On April 23, 1951, in an effort to protest shoddy conditions at their aging school, African American students in Prince Edward County, Virginia made the decision to walk out of Robert R. Moton High School. The Rev. L. Francis Griffin led the fight for students as well as parents in the rural county, demanding better schools. Nationally known as “the fighting preacher,” Rev. Griffin was the voice of opposition to the county’s decision to close rather than integrate all schools. Refusing to accept the unfair educational inequalities, the former pastor of First Baptist Church said, Blacks would not tolerate “an oxcart education in the space age.”
However, in spite of his looming presence, Prince Edward administrators slammed shut the county’s school doors, refusing to finance the schools in 1959. For five years, all public schools remained closed to both Black and White students. Eventually, the small town struggle would eventually become one of the five cases which landed in the U. S. Supreme Court, in the 1954 Brown vs. Board of Education case; unraveling the legal doctrine of “separate but equal.”
During the five year school closing nearly 2,000 students –both Black and White- received no formal schooling, eventually identifying themselves as “The Lost Generation.” In the absence of schools, Rev. Griffin developed training, learning and educational centers for Black children and aided in the educational progress of students in schools throughout country. Students were eventually relocated to schools and inside the homes of strangers throughout America. Unfortunately, the majority were uneducated and remained at home, in Prince Edward.
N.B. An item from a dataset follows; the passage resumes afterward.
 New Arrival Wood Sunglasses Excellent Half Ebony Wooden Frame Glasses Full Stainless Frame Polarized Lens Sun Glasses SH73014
Throughout the five year court battle, Rev. Griffin diligently sought the assistance of President John F. Kennedy, Rev. Martin Luther King Jr., Attorney Thurgood Marshall and other civil rights leaders. In 1964, at the urging of the U.S. Justice Department and Attorney General Robert F. Kennedy, the Supreme Court ordered the county to unlock its school doors. In a speech given in Louisville, Kentucky, Kennedy later stated, “We may observe, with as much sadness as irony, that outside of Africa, south of the Sahara where education is still a difficult challenge, the only places on the earth not to provide free public education are communist China, North Vietnam, Sarawak, Singapore, British Honduras – and Prince Edward County, Virginia. Something must be done about Prince Edward County.”
Rev. Griffin’s consistent fight for the equal educational rights for all, will forever be remembered among the citizens of Prince Edward County. Described by Rev. King as “a giant among men” and “a modern social prophet,” the former World War II veteran stated, “I’m certain by remaining adamant through the long struggle, Prince Edward Blacks saved public education in this nation.”